» **WORK TASK**
All of the entries below should be printed exactly; the pictures are to be left out.

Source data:
= = = = = = =
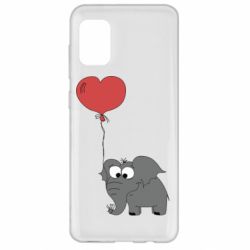 Чехол для Samsung A31 Delicious elephant - PrintSalon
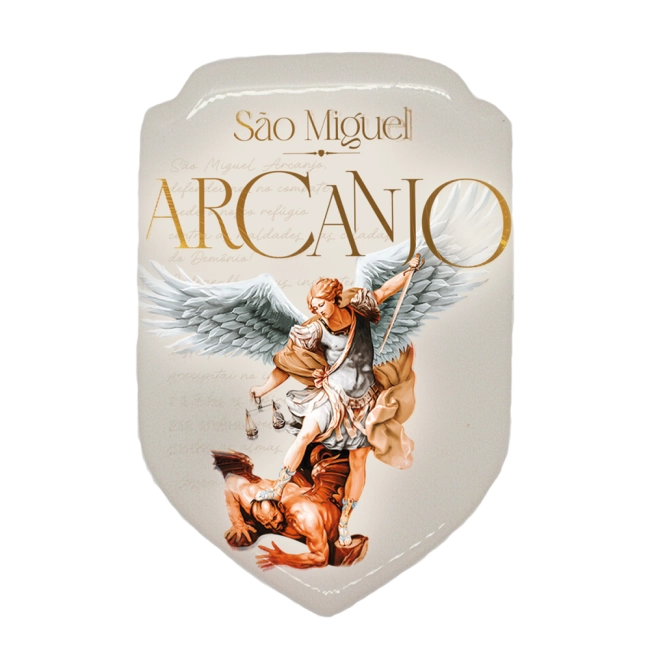 Adesivo Escudo São Miguel Arcanjo Adesivo Escudo São Miguel Arcanjo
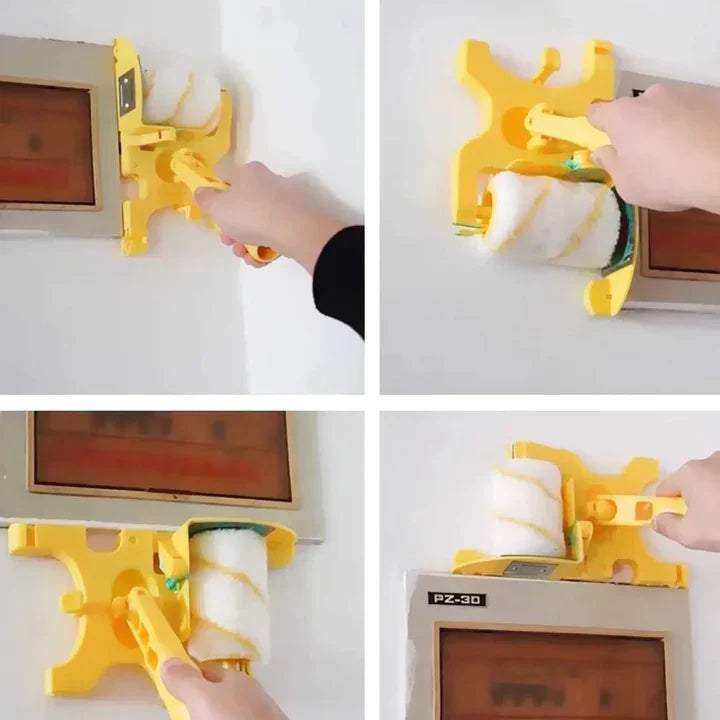 Maliben | Precision Paint Roller With Ergonomic Handle & High-Density Foam For Smooth Finish & Easy Application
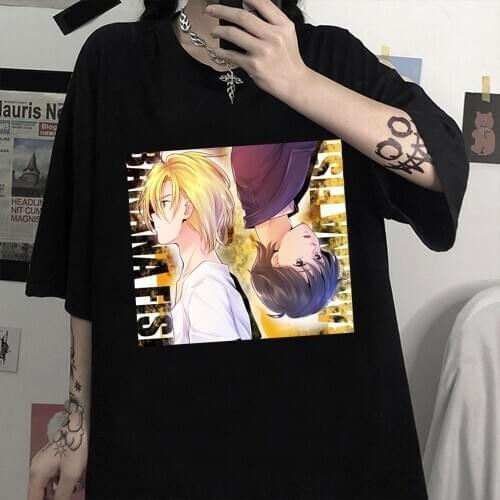 Anime Banana Fish T-shirts Streetswear Short Sleeve Shirt The Disco Syria T Shirt Casual T-Shirt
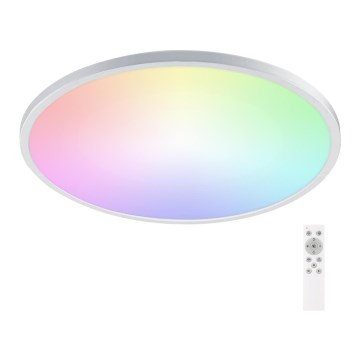 Aigostar - LED RGBW Ljusreglerad vägglampa för badrum LED/24W/230V 3000-6500K diameter 42 cm IP44 + fjärrkontroll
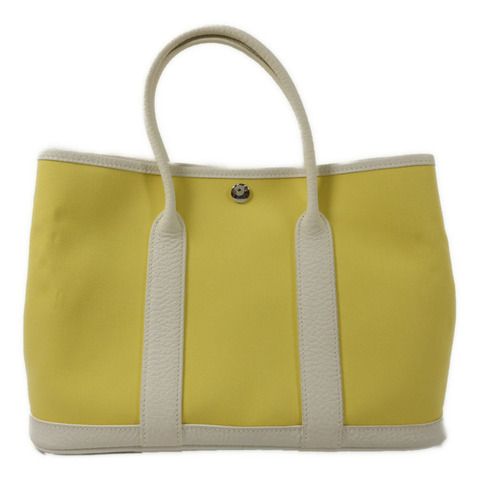 HERMES 帆布Garden Party TPM手挽袋Jane Poussin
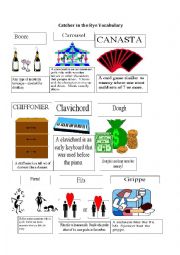 English Worksheet: Catcher in the Rye Visual Vocabulary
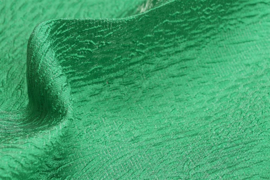 Groene niet rekbare stof met structuur (Editex) per 25 cm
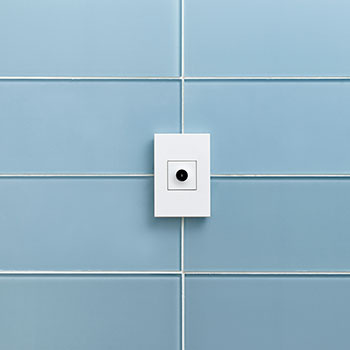 adorne® Gloss White 1-Gang Screwless Wall Plate with Microban®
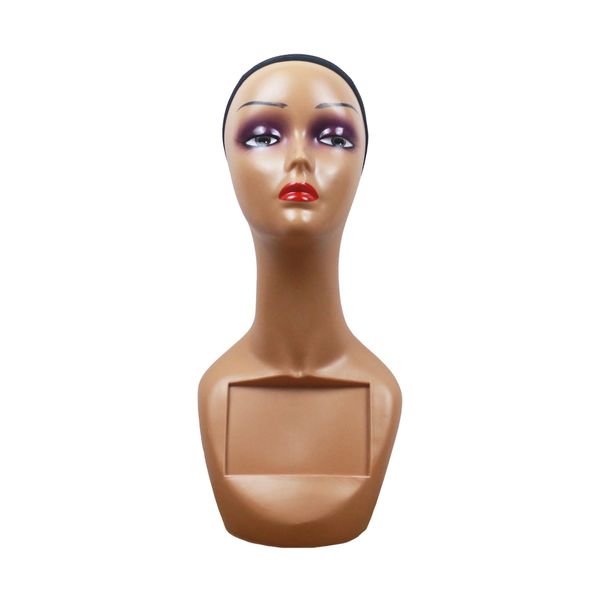 KimRuima Realistic Mannequin Head For Wig Display JRM010 (Light Brown)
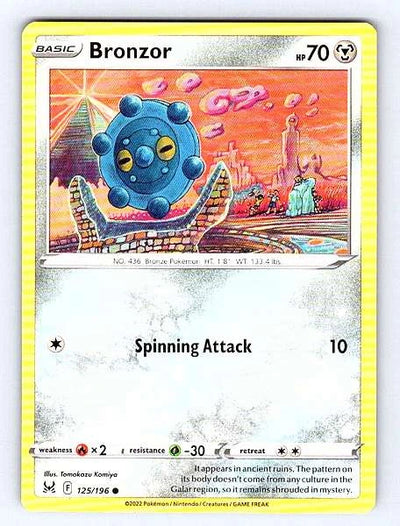 Bronzor 125/196 Lost Origin Common NM Pokemon TCG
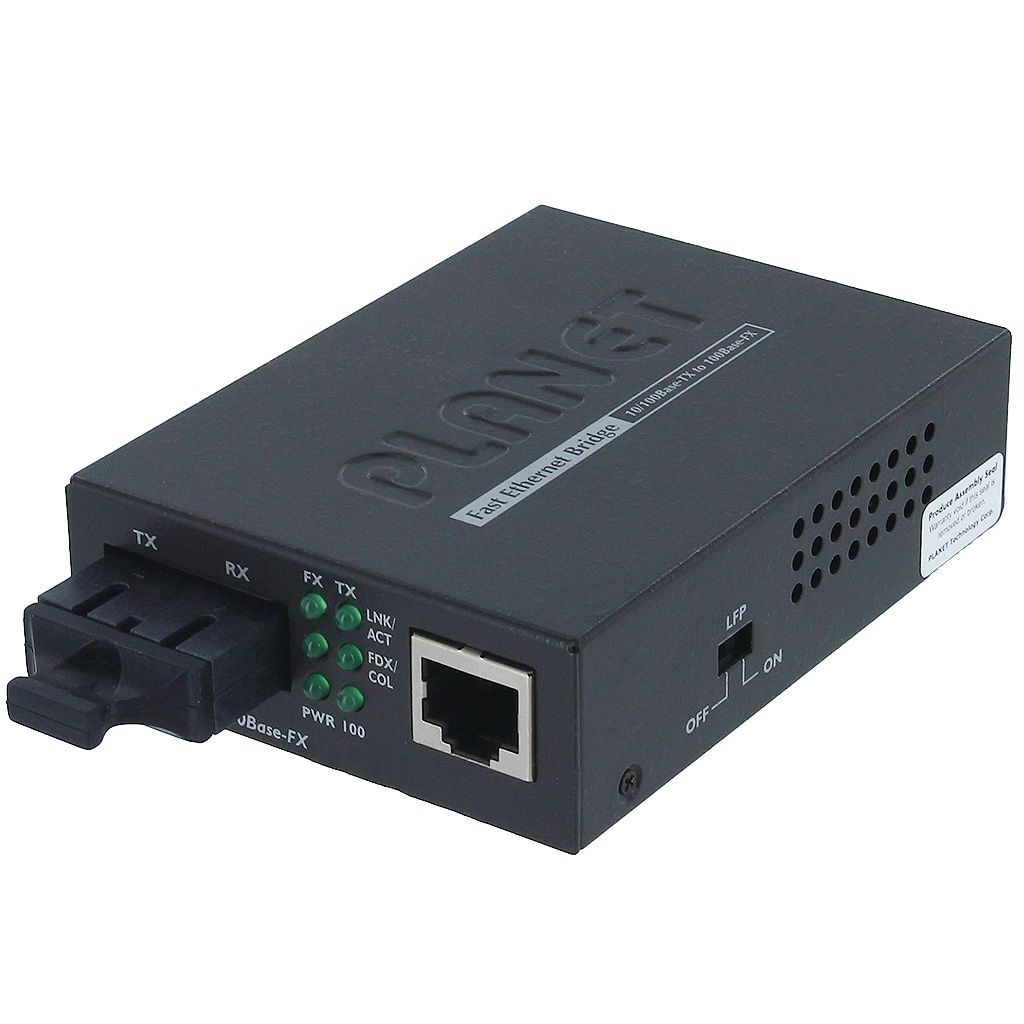 100BASE-FX (SC) SINGLE MODE BRIDGE FIBER CONVERTER 15KM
= = = = = = =
» **ANSWER BOX**
 Чехол для Samsung A31 Delicious elephant - PrintSalon
 Adesivo Escudo São Miguel Arcanjo Adesivo Escudo São Miguel Arcanjo
 Maliben | Precision Paint Roller With Ergonomic Handle & High-Density Foam For Smooth Finish & Easy Application
 Anime Banana Fish T-shirts Streetswear Short Sleeve Shirt The Disco Syria T Shirt Casual T-Shirt
 Aigostar - LED RGBW Ljusreglerad vägglampa för badrum LED/24W/230V 3000-6500K diameter 42 cm IP44 + fjärrkontroll
 HERMES 帆布Garden Party TPM手挽袋Jane Poussin
 English Worksheet: Catcher in the Rye Visual Vocabulary
 Groene niet rekbare stof met structuur (Editex) per 25 cm
 adorne® Gloss White 1-Gang Screwless Wall Plate with Microban®
 KimRuima Realistic Mannequin Head For Wig Display JRM010 (Light Brown)
 Bronzor 125/196 Lost Origin Common NM Pokemon TCG
 100BASE-FX (SC) SINGLE MODE BRIDGE FIBER CONVERTER 15KM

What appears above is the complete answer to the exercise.